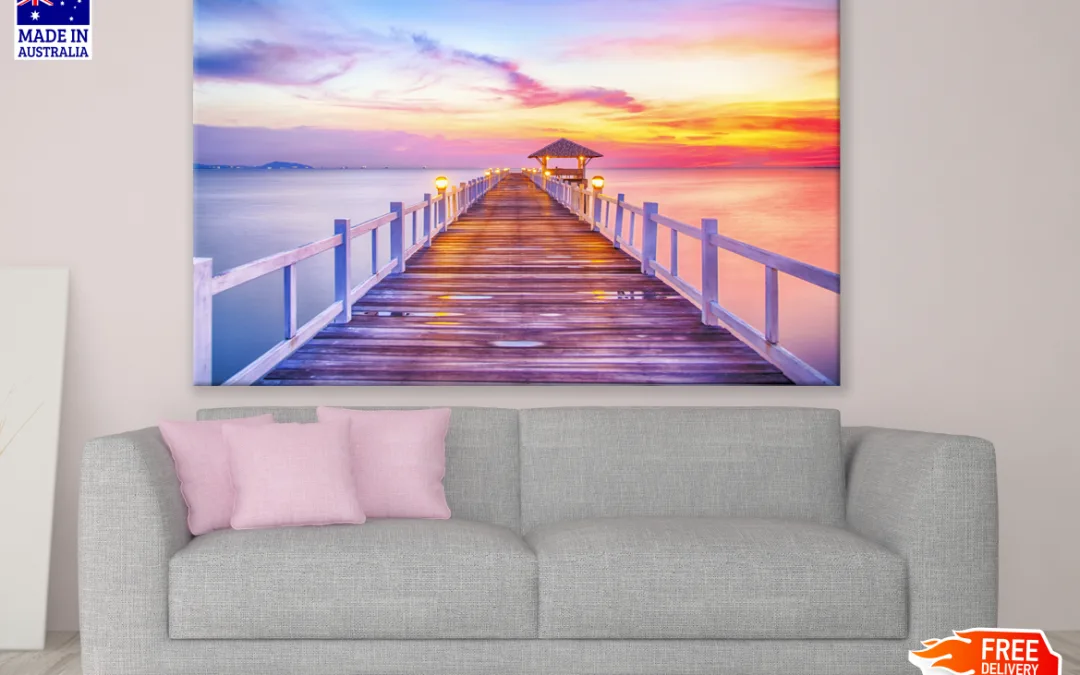 Stunning Pier Sunset Photograph Print 100% Australian Made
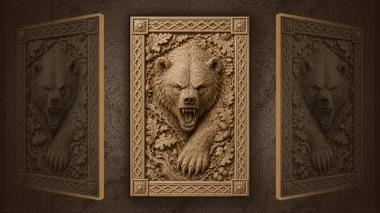 Narrative wall panels Acorns scattered around the snarling head 3d model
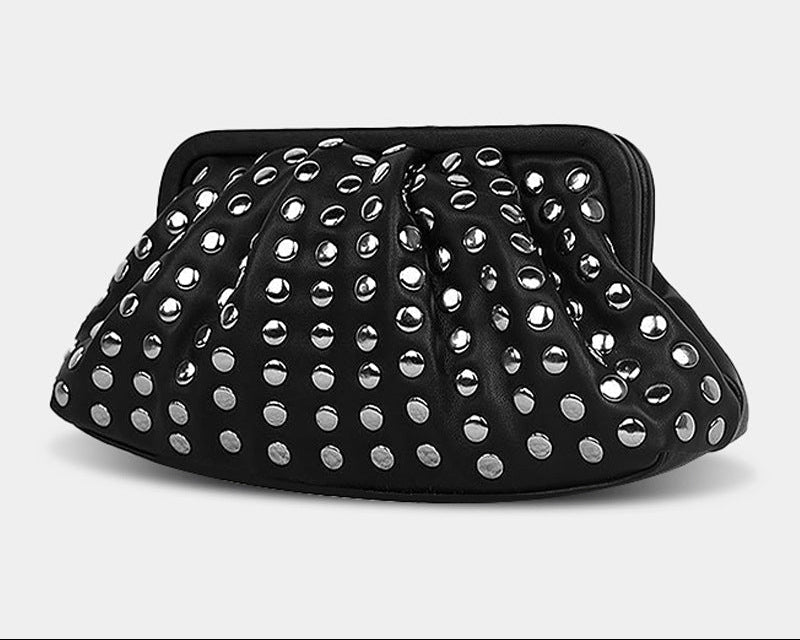 Studded Ruched Clutch Bag - Glam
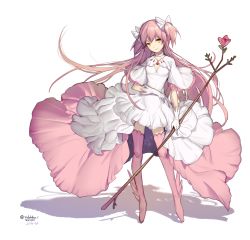 Rule 34 | boots, cleavage cutout, clothing cutout, dress, flower, highres, invalee, kaname madoka, long hair, mahou shoujo madoka magica, mahou shoujo madoka magica (anime), pink footwear, pink hair, rose, shadow, simple background, thigh boots, thighhighs, twintails, two side up, ultimate madoka, very long hair, white dress, winged footwear, yellow eyes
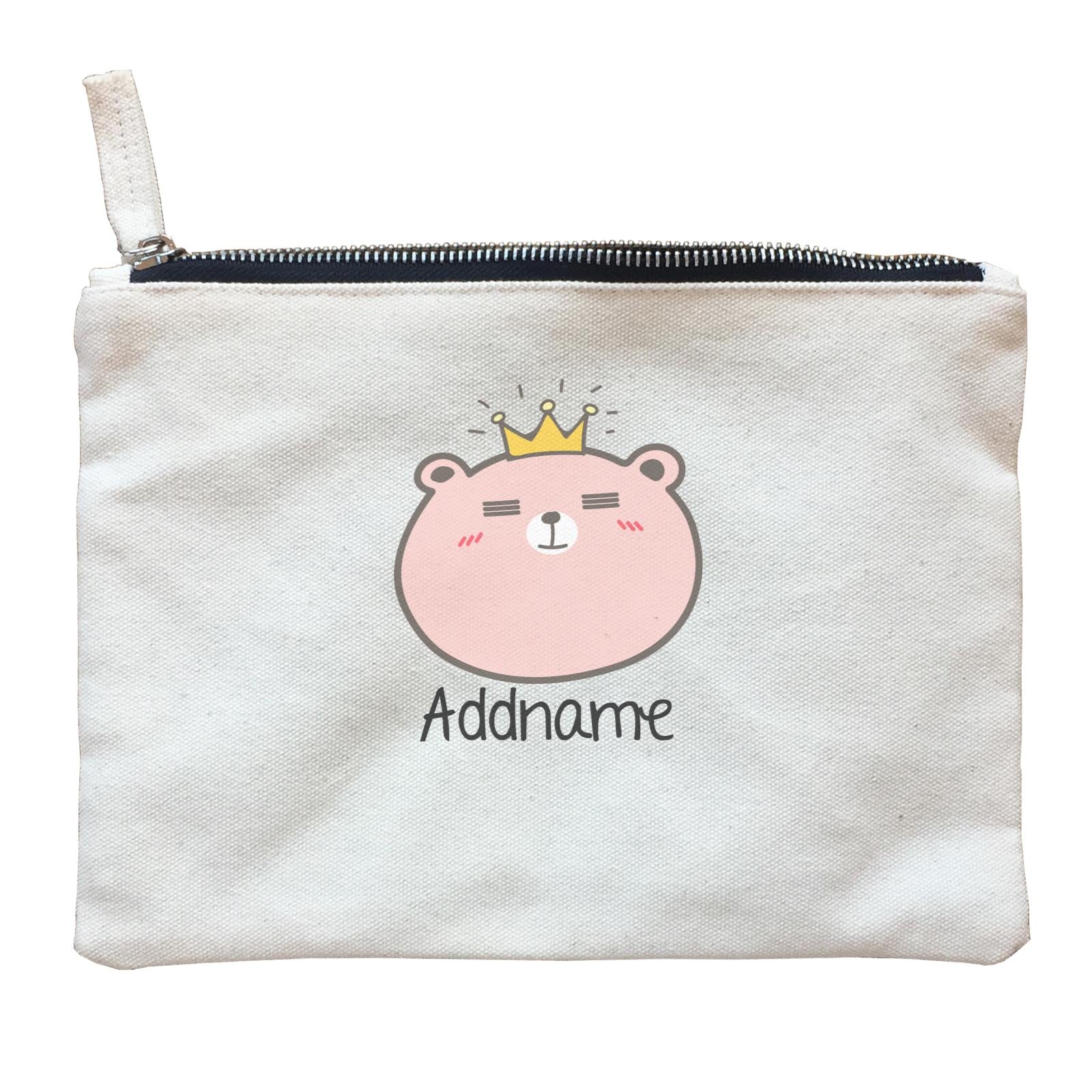 Cute Animals And Friends Series Cute Pink Bear With Crown Addname Zipper Pouch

TO DO => The records above must be printed exactly; the pictures stay out.

SOLVED PROBLEM =>
 Stunning Pier Sunset Photograph Print 100% Australian Made
 Narrative wall panels Acorns scattered around the snarling head 3d model
 Studded Ruched Clutch Bag - Glam
 Rule 34 | boots, cleavage cutout, clothing cutout, dress, flower, highres, invalee, kaname madoka, long hair, mahou shoujo madoka magica, mahou shoujo madoka magica (anime), pink footwear, pink hair, rose, shadow, simple background, thigh boots, thighhighs, twintails, two side up, ultimate madoka, very long hair, white dress, winged footwear, yellow eyes
 Cute Animals And Friends Series Cute Pink Bear With Crown Addname Zipper Pouch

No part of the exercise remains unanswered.